There are no Christmas elves and reindeers dancing through columnist Kirsty McHenry’s head this December, but statistics sums. Her upcoming exams are causing all the revelry to fade into the background. ‘It seems I’m not the only one, the UvA campus is filled with Scrooges, Grinches and Gremlins this month.’
Though the nights are long and the weather bleak, I believe that December in Amsterdam can be a wondrous time. The Light Festival ensures that even the darkest, gloomiest nights are illuminated by dazzling sculptures and installations. Shop windows display their best festive decor in the hopes of catching the eye of passersby as they peek out from beneath bundles of scarves and puffy coats. If the temperature drops low enough, there may even come a gentle snowfall; the kind which dusts the city like icing powder on an oliebol. This is the Amsterdam that exists just inches away on the other side of the glass that separates the UvA library from the rest of the world. It is a version of the city that most students hardly ever get to experience. Instead, we are forced to tear ourselves away from that spirited hustle and bustle and return our focus to the harsh gleam of a laptop screen.
In spite of the festivities, I, like most other students, spend much of December shackled to a desk, scraping together study notes and muttering bitterly to myself. With the countless holiday celebrations happening all around, I’ve started to notice worrying similarities between myself and Scrooge from A Christmas Carol (before his change of heart). Rather than joining in the revelry, I spend December perpetually hunched over as I read paper after paper. Instead of holiday cheer, anxiety over exams and assignments pervades my every moment. My life grows sombre as I toil away with the sole purpose of obtaining passing grades. Parties held by family and friends cannot be fully enjoyed with the lingering awareness that there is still studying to be done. Even my sleeping pattern has been affected; now when I try to nestle in bed, visions of statistics sums dance in my head.
Moreover, like Scrooge, I recoil at the thought of spending money. The tightness of the student budget has turned me into a miser: penny-pinching wherever possible and cringing with reluctance each time I tap my card to a pin machine.
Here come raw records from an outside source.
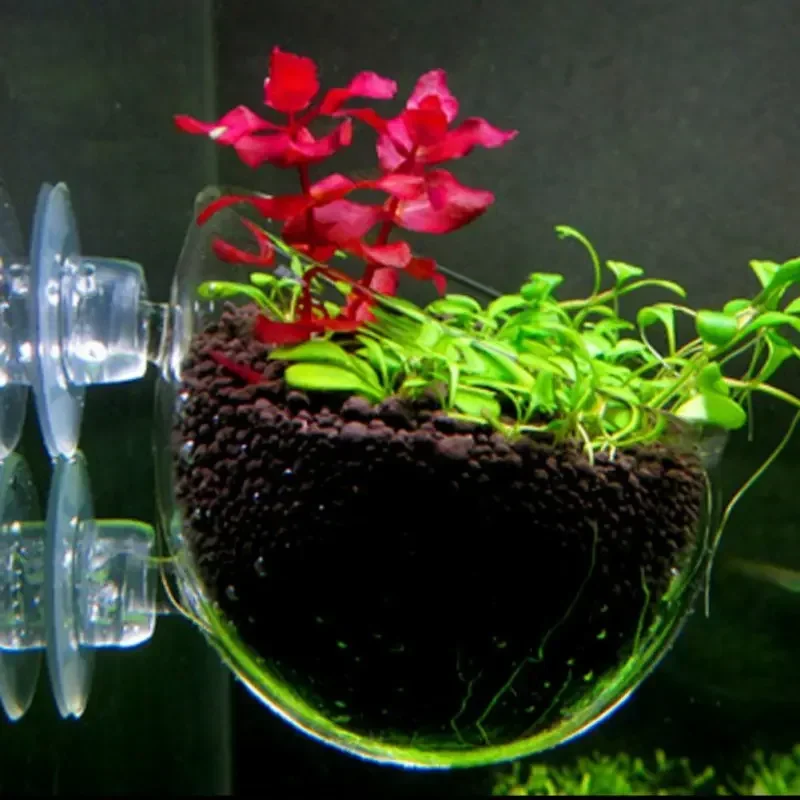 Прозрачная чаша для водных рас – обзор и цена Aquarium Plant Red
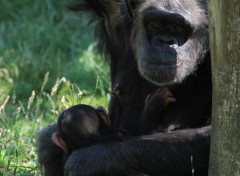  Animaux Image sans titre N354345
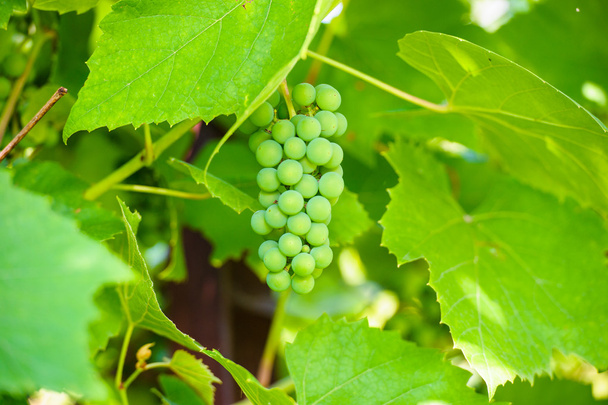 Branch of green grapes - Foto, Bild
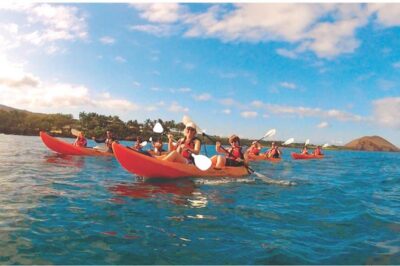 Makena Turtle Town Eco Adventure in Maui - Turtle Town snorkel time: Two reef stops, one big goal
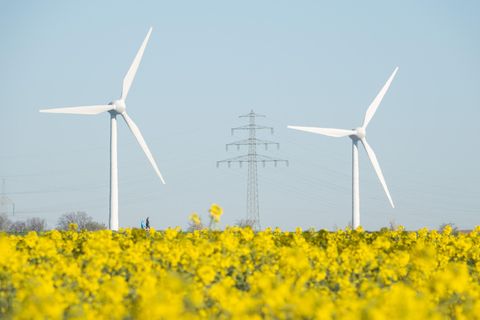Über ein blühendes Rapsfeld hinweg sind zwei Windräder zu sehen, zwischen und hinter ihnen ein Strommast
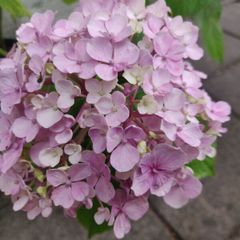 Large Hydrangea macrophylla  Ayesha in plastic pot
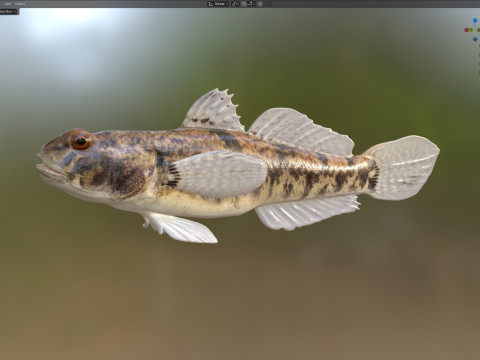 Pesce ghiozzo lira Modello 3D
Yet this frugality is justifiable given that even the smallest extravagance – from a sweet treat from Albert Heijn to a Lebkov coffee – sends my savings into a deep depression. Once I’ve bought gifts for everyone in my family, I will likely have to declare bankruptcy. I’m beginning to think I too will have to send carol singers on the streets away empty-handed or start to hide when I hear them coming near. I can attest that there is nothing left in my wallet for the acts of kindly generosity that are supposed to brighten up this time of winter, however miserable and cheerless it may make me appear.
It seems, I am not alone in seeing myself parallelled in a character from a yuletide parable. Despite the merriment that is supposed to be conducive to the festive season, the UvA campus seems to be filled with Scrooges, Grinches, and Gremlins alike. Whatever all the holiday marketing may say about sharing in the holiday cheer, most of us are much more concerned with actually making it to the winter break than we are with rejoicing in festive magic. It’s worth recognising that, for students, December brings with it enough mental stress and financial pains to make anyone miserly and anti-social. By the time we reach the holidays the only sensation we will be able to feel is relief. But, before I can even anticipate that, I have to go ask my professor for an extension – I just hope that he, at least, has learnt the gift of giving.